4

I have a PDF file. I would to get it height and width in mm.

So I do an exec(pdfinfo ... ); I have this result :

Creator: Adobe InDesign CS5 (7.0.3) Producer: Acrobat Distiller 9.4.2 (Macintosh) CreationDate: Mon Jan 30 15:48:43 2012 ModDate: Fri Feb 10 10:35:05 2012 Tagged: no Pages: 34 Encrypted: no Page size: 552.744 x 708.643 pts File size: 80724791 bytes Optimized: yes PDF version: 1.3

I have a script witch extract my info :

<?php 
$output = shell_exec("pdfinfo ".$pdflivrelink);
$data = explode("\n", $output); //puts it into an array
for($c=0; $c < count($data); $c++) {
        if(stristr($data[$c],"Pages") == true) {
        $pagesnumber = trim(substr($data[$c],6));
        }
        if(stristr($data[$c],"Page size") == true) {
            $pagesize_H = height_pdf(trim(substr($data[$c],9)));
        }
        if(stristr($data[$c],"Page size") == true) {
            $pagesize_L = width_pdf(trim(substr($data[$c],9)));
        }

}
function height_pdf($size){
$hauteur = round(substr($size,7,7)/2.83);
return $hauteur;
}
function width_pdf($size){
$largeur = round(substr($size,17,7)/2.83);
return $largeur;
} ?>

It's OK, because I have three numbers dot three numbers (552.744 x 708.643).

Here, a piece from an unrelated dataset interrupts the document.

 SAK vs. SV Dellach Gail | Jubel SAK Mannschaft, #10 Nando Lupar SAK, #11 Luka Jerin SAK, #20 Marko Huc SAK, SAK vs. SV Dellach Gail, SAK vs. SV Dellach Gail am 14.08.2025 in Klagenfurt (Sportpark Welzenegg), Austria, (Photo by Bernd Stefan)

But, I don't know why, some PDF files have this info :

Creator: pdftk 1.41 - www.pdftk.com Producer: iText 2.1.5 (by lowagie.com) CreationDate: Mon Feb 27 13:18:23 2012 ModDate: Mon Feb 27 16:26:12 2012 Tagged: no Pages: 36 Encrypted: no Page size: 425.2 x 538.582 pts File size: 5097597 bytes Optimized: yes PDF version: 1.6

425.2 x 538.582 : So my script doesn't work!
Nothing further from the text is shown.